● **What to produce**: Output the lines below exactly, please, from the first line until the line with "A person is pressing a button that says tax", counting both.

● **Provided entries**:

....

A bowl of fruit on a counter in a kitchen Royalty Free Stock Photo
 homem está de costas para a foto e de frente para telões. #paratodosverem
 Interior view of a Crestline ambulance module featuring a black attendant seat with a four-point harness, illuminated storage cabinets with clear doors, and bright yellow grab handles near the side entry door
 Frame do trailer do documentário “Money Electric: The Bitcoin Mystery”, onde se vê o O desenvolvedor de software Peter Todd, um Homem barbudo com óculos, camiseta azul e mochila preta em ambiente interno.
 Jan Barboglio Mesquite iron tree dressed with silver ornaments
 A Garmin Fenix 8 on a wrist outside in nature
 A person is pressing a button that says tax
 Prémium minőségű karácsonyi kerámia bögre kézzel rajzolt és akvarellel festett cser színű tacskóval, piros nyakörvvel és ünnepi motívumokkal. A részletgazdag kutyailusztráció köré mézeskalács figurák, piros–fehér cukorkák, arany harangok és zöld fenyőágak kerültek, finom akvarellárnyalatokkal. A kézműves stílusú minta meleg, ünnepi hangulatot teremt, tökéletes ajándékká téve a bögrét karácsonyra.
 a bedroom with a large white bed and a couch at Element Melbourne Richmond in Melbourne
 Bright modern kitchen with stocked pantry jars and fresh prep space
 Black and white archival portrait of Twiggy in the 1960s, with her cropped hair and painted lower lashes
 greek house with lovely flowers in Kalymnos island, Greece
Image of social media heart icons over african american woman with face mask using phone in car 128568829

....

● **Exercise result**:
A bowl of fruit on a counter in a kitchen Royalty Free Stock Photo
 homem está de costas para a foto e de frente para telões. #paratodosverem
 Interior view of a Crestline ambulance module featuring a black attendant seat with a four-point harness, illuminated storage cabinets with clear doors, and bright yellow grab handles near the side entry door
 Frame do trailer do documentário “Money Electric: The Bitcoin Mystery”, onde se vê o O desenvolvedor de software Peter Todd, um Homem barbudo com óculos, camiseta azul e mochila preta em ambiente interno.
 Jan Barboglio Mesquite iron tree dressed with silver ornaments
 A Garmin Fenix 8 on a wrist outside in nature
 A person is pressing a button that says tax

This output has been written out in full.